I'm trying to implement the same model in Keras, and in Tensorflow using Keras layers, using custom data. The two models produce consistently different accuracies over many times of training (keras ~71%, tensorflow ~65%). I want tensorflow to do as well as keras so I can go into the tensorflow iterations to tweak some lower level algorithms.
Here's my original Keras code:
from keras.layers import Dense, Dropout, Input
from keras.models import Model, Sequential
from keras import backend as K
input_size = 2000
num_classes = 4
num_industries = 22
num_aux_inputs = 3
main_input = Input(shape=(input_size,),name='text_vectors')
x = Dense(units=64, activation='relu', name = 'dense1')(main_input)
drop1 = Dropout(0.2,name='dropout1')(x)
auxiliary_input = Input(shape=(num_aux_inputs,), name='aux_input')
x = keras.layers.concatenate([drop1,auxiliary_input])
x = Dense(units=64, activation='relu',name='dense2')(x)
drop2 = Dropout(0.1,name='dropout2')(x)
x = Dense(units=32, activation='relu',name='dense3')(drop2)
main_output = Dense(units=num_classes,
activation='softmax',name='main_output')(x)
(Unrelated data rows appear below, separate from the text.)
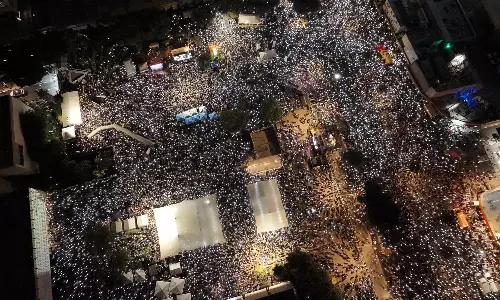 Tel Aviv protests swell as fears grow over Gaza displacement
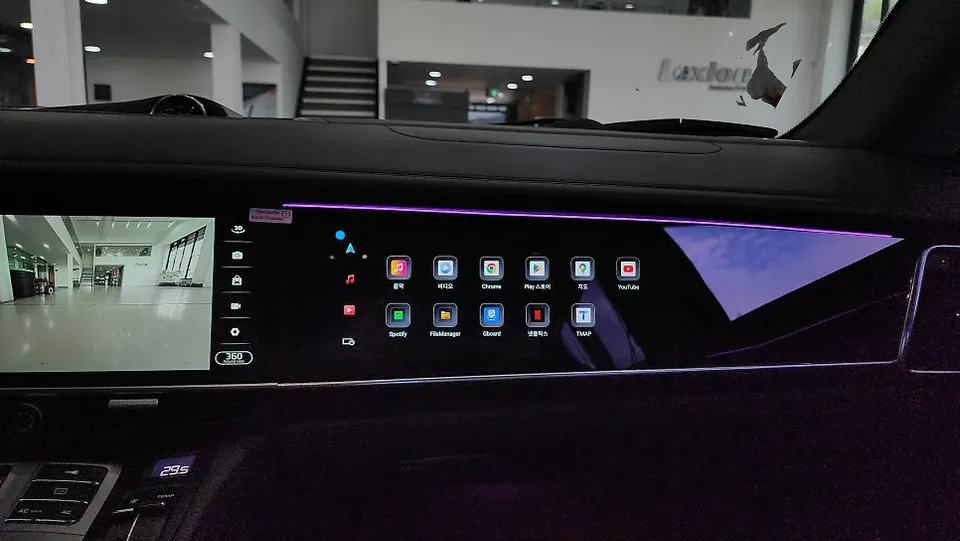 Porsche Panamera 970のAndroid Auto・CarPlay取付事例 施工写真 1-2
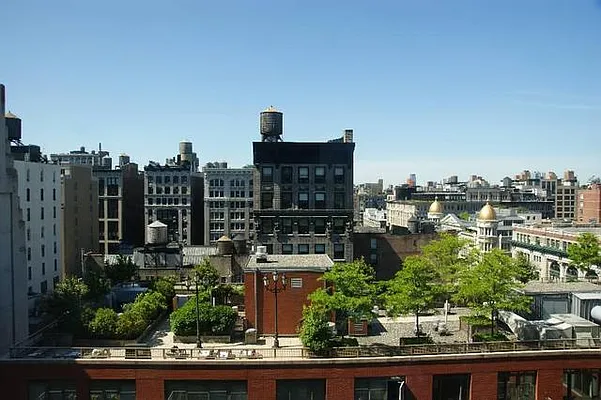 Rented by Compass | media 20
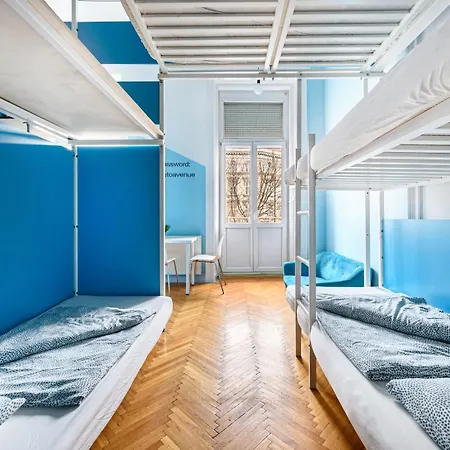 Avenue Hostal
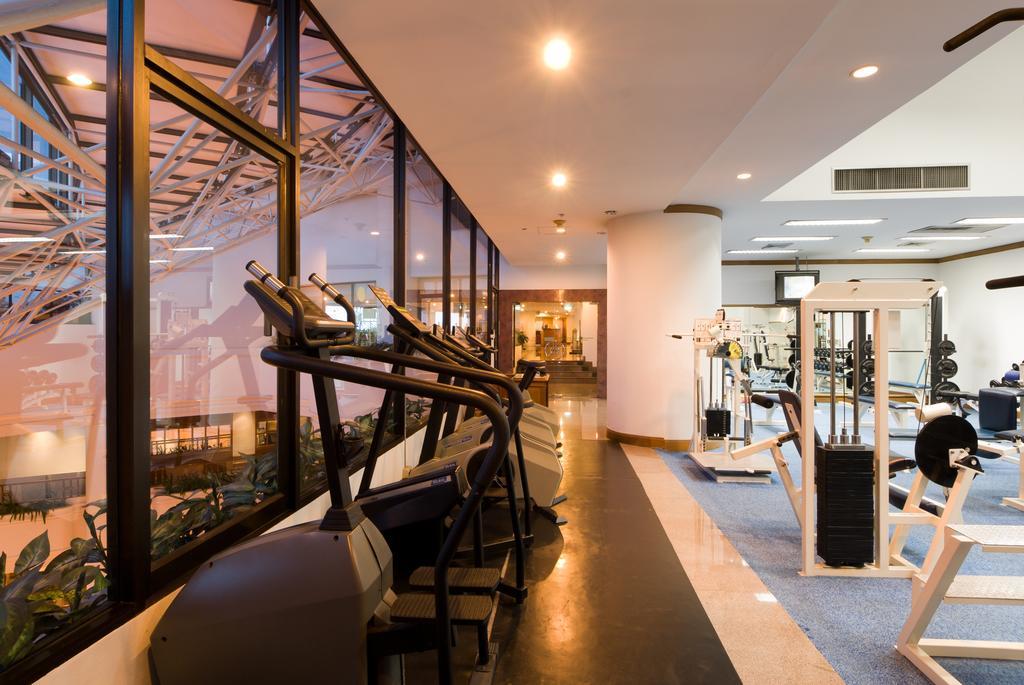 Montien Riverside Hotel Бангкок Экстерьер фото The gym at the hotel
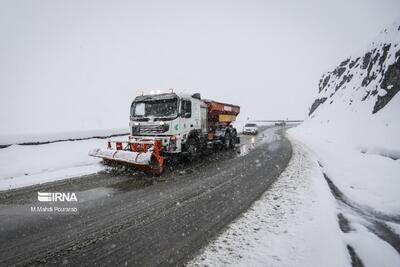 بارش برف و باران در محورهای ۱۳ استان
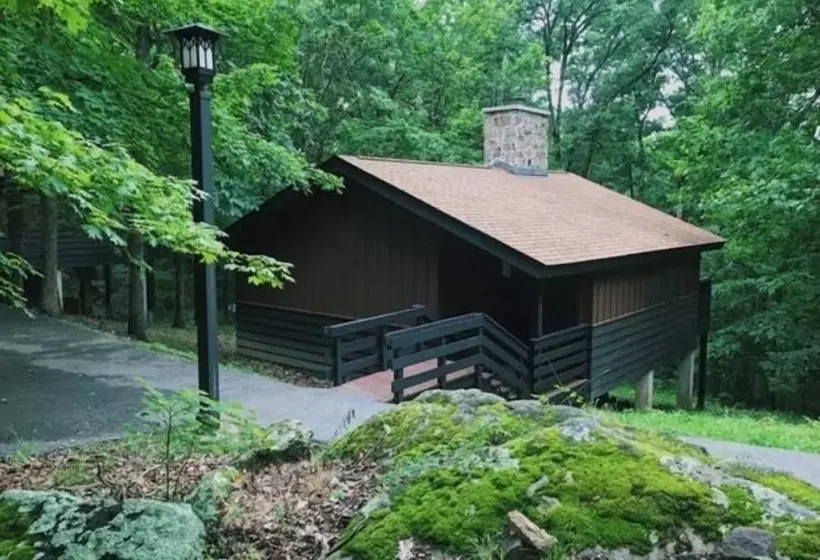 Hotelli Giant City Lodge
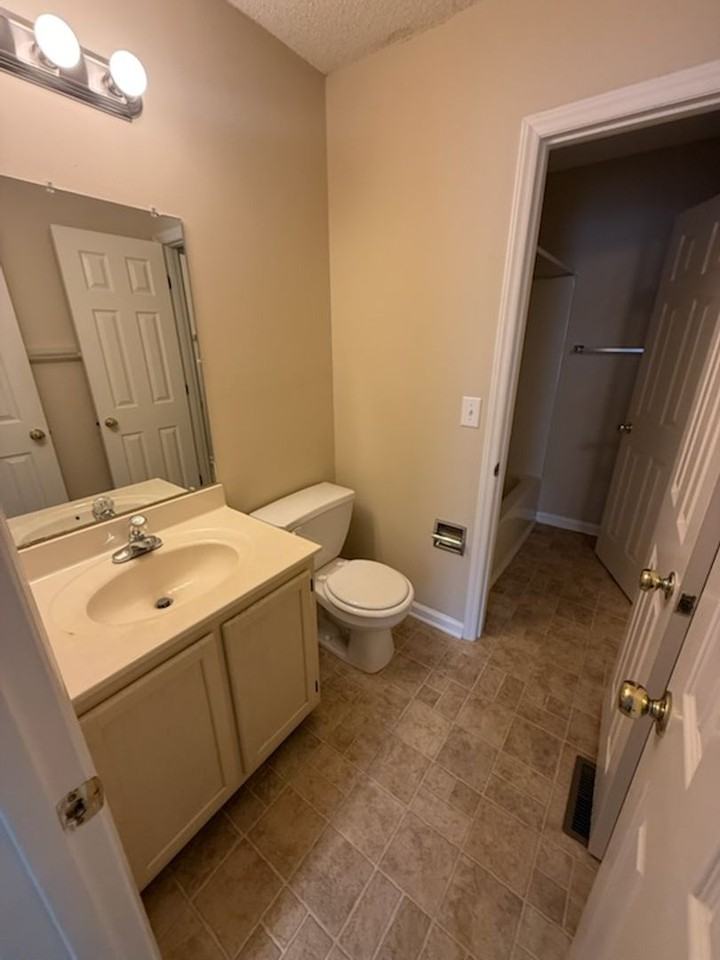 1818 Saddlewood Ct #B - Photo 6 of 7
model = Model(inputs=[main_input, auxiliary_input],
outputs=main_output)
model.compile(loss=keras.losses.categorical_crossentropy, metrics= ['accuracy'],optimizer=keras.optimizers.Adadelta())
history = model.fit([train_x,train_x_auxiliary], train_y, batch_size=128, epochs=20, verbose=1, validation_data=([val_x,val_x_auxiliary], val_y))
loss, accuracy = model.evaluate([val_x,val_x_auxiliary], val_y, verbose=0)
Here's I moved the keras layers to tensorflow following this article:
import tensorflow as tf
from keras import backend as K
import keras
from keras.layers import Dense, Dropout, Input # Dense layers are "fully connected" layers
from keras.metrics import categorical_accuracy as accuracy
from keras.objectives import categorical_crossentropy
tf.reset_default_graph()
sess = tf.Session()
K.set_session(sess)
input_size = 2000
num_classes = 4
num_industries = 22
num_aux_inputs = 3
x = tf.placeholder(tf.float32, shape=[None, input_size], name='X')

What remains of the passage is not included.